If that sounds like overthinking, then you're right. Most of this novel is overthinking and I must say that, if there's a worse enemy to have than your own mind, I don't know what it might be. There are those who will read this and freak out over Daphne because she's an apparently supernatural entity in the form of a female basketball player, therefore able to loom imposingly the way only someone seven-feet-tall can loom. Then there are those who won't care about a slasher, whatever form it might take, but who will be completely levelled by equating that slasher with a commonplace mental illness.

There's a line in Kit's diary late in the book that resonated with me and I'm sure will with a large number of readers. It's part of a note that Kit's leaving there for her parents, in case she doesn't make it out alive: "Make sure they understand the things we're told not to talk about are the things that get real bad."  She's talking here about Daphne, who is a subject the entire town of Samhattan doesn't talk about and so keeps coming back. She is also talking about anxiety, about mental illness, about things that affect our wellbeing that carry some sort of social stigma.

And, of course, there are so many other ways to see that, in other contexts: abuse, illness or bigotry, to name just three. The message of this book is that it's always better to deal with the uncomfortable truths in your particular life than to pretend they don't exist and suffer all the more because of them later. That's a good message, even if it's framed as a Panic Attackula.

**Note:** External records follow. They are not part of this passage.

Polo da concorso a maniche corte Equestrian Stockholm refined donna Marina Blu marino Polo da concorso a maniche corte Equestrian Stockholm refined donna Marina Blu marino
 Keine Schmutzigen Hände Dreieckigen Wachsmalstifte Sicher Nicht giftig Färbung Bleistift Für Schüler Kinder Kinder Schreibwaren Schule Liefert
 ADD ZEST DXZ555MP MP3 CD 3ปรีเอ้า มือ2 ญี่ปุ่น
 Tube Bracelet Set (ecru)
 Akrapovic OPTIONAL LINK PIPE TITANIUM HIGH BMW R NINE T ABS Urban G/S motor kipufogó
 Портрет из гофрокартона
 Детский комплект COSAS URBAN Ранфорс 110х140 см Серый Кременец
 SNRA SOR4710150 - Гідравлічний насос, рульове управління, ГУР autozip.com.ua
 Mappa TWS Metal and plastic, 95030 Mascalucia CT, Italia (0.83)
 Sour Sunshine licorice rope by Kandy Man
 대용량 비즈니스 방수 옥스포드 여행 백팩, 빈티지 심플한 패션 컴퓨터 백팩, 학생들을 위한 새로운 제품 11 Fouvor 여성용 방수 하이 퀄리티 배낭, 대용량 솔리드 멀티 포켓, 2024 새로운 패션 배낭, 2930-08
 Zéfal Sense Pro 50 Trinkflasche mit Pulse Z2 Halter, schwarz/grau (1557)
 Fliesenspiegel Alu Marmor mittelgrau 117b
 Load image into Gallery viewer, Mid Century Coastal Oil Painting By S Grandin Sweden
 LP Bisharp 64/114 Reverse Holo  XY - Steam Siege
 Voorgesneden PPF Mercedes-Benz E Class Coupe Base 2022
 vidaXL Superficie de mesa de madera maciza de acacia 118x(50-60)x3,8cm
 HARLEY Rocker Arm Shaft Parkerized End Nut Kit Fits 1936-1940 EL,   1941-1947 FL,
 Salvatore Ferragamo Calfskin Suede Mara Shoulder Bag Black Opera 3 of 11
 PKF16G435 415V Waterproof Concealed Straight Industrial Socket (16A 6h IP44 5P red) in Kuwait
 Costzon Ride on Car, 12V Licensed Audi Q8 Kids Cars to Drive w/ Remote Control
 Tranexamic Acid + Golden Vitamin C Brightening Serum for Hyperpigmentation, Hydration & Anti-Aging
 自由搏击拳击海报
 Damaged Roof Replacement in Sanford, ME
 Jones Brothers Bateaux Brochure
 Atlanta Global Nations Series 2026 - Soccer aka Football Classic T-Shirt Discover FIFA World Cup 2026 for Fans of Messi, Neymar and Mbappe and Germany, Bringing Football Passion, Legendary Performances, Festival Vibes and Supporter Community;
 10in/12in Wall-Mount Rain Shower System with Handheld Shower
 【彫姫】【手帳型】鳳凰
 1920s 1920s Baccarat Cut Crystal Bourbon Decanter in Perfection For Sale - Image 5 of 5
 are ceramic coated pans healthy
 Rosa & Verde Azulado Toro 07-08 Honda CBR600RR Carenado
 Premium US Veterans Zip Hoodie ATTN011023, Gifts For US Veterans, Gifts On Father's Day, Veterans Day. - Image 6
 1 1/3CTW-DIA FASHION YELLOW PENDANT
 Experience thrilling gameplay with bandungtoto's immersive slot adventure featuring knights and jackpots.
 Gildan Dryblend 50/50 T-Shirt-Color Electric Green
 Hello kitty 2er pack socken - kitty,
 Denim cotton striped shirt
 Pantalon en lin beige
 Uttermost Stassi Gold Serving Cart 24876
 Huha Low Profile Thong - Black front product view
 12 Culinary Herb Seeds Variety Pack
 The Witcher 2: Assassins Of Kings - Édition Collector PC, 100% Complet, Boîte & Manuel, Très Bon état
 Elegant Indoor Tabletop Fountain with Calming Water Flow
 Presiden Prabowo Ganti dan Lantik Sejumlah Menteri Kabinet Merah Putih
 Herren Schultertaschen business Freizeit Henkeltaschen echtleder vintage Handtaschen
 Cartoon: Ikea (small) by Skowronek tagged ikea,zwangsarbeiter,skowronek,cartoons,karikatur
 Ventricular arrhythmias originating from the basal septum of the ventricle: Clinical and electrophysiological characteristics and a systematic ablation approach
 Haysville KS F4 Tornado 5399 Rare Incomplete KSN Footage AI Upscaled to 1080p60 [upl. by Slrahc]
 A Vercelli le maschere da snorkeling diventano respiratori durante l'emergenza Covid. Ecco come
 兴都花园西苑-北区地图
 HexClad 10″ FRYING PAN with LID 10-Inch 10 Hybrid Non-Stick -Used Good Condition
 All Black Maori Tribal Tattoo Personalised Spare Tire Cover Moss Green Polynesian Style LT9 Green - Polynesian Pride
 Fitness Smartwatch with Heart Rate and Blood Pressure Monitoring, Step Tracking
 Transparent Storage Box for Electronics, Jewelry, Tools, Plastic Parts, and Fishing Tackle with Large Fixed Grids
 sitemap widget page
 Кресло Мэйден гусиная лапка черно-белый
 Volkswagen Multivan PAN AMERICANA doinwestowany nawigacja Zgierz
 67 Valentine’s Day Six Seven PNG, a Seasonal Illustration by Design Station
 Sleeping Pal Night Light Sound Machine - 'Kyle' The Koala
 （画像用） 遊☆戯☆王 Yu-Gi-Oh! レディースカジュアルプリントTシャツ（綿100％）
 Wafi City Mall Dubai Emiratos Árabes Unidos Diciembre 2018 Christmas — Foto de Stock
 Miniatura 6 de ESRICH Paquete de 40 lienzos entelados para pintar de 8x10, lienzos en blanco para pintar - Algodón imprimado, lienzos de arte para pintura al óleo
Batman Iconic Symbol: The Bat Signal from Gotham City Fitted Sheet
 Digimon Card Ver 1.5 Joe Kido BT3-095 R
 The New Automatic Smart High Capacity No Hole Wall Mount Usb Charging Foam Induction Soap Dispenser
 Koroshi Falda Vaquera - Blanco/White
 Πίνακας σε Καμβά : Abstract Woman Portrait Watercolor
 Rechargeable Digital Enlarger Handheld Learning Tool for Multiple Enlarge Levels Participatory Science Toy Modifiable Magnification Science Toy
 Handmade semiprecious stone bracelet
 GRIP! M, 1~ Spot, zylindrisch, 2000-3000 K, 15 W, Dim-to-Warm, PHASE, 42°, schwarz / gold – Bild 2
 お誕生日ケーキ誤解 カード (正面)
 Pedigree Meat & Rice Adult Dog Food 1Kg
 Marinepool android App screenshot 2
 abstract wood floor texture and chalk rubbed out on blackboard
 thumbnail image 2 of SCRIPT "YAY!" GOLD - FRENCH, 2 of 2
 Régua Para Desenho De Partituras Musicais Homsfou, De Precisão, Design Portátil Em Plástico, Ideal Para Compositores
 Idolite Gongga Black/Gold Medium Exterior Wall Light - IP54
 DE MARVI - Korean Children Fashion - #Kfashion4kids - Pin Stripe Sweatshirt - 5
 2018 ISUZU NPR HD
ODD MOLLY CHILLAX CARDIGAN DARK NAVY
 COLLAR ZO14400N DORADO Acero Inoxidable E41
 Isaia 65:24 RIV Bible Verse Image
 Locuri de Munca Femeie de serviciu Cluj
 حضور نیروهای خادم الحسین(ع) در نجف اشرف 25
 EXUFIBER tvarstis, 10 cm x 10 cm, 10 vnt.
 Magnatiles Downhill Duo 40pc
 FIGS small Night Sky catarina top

This isn't a long novel. It runs for only 260 pages in a reasonably large font size, expanded apparently from a shorter piece that the publisher recommended become a novel. Many of its paragraphs are over in a single line, one after another. Some of them are over in a single word, again one after another. Yet one paragraph, near the halfway mark, takes a couple of pages all on its own.

By the way, that may have been the moment at which I realised that this wasn't a cheat, a Lionel Fanthorpe-esque author's trick to rack up more word count. It was one more way by which Malerman could have anxiety shape the novel, because the text unfolds like Kit thinks, which is sometimes emphatic and rapid fire and attention deficit because she's a seventeen-year-old girl but sometimes an unburdening of substance, pouring out of her like a flood because her brain has to go there and she has no control over it.

The length does hurt the novel. Some readers might feel that it's padded, because it kind of was. Some might think that this would have been a better novella, with less of a focus on basketball. Some, however, might feel that bulking it up was a good choice but should have been done in a different way, adding more perspectives and giving other characters a say in the story. As it is, every time the perspective changes, we know that our new focal point is about to die and that diminishes the tension.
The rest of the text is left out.